Fortunately, the strong winter storm is expected to “wind down” on Sunday as the risk of severe thunderstorms, heavy rain and flash flooding goes down, the National Weather Service forecasts. However, the Upper Mississippi Valley and the Upper Great Lakes are expected to receive two to four inches of snow on Sunday.
In the Northeast and mid-Atlantic, record-high temperatures are expected to be broken as temperatures rise 15 to 25 degrees above normal, the National Weather Service says.
Heavy snow in Northwest, northern New England
In the eastern United States, the risk of severe thunderstorms, flash floods and heavy rains is expected to calm down on Sunday. However, other regions can expect to experience severe weather, according to the National Weather Service.
In northern Maine, forecasted ice accumulations of a quarter to one half inches could damage trees, cause power outages and make traveling dangerous on Sunday. Parts of northern New England could also experience heavy snow.
A storm system in the Pacific Northwest could bring moderate to heavy snow in the Northern and Central Rockies, as well as the Intermountain West, until Tuesday. One to two feet of snow are forecast in the Central Rockies, Eastern Oregon and Northern Idaho. Then on Monday, there could be heavy snow in California’s Northern Sierra Nevada Mountains.
On Sunday, the Upper Mississippi and Upper Great Lakes could also receive two to four inches of snow.
Record High Temperatures
Long-standing record temperatures across the mid-Atlantic and East fell as temperatures rose into the 60s and 70s.

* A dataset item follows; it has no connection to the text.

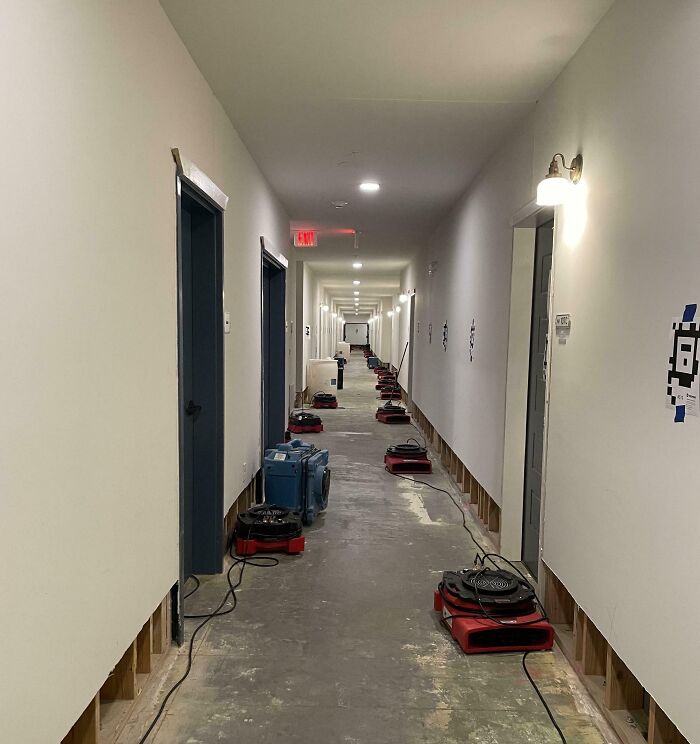 Hallway under repair with industrial fans, possibly due to water damage, illustrating a Christmas season accident.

In areas across the region, the highs shattered records held for decades — and in several cases, longer than a century. In Pittsburgh, Penn., the temperature rose to 70 degrees, breaking the 68 degree record set in 1890. In Morgantown, W.V., the temperature rose to 74 degrees, beating the 70 degree record that stood since 1880.
Multiple temperature records were also broken in the New York City area, according to the National Weather Service. Temperatures rose to 67, 66 and 69 degees Fahrenheit in Central Park, LaGuardia and Newark, NJ, respectively, breaking the records set in 1975.
To the south, the unusually warm weather was accompanied by weather more typical of the spring — severe thunderstorms. On Saturday night, there were several tornadoes and wind damage in the Southeast, Ohio Valley, southern Appalachia and the southern mid-Atlantic.
On Sunday, temperatures were expected to remain unseasonably warm, and more record temperatures will likely fall, according to the National Weather Service.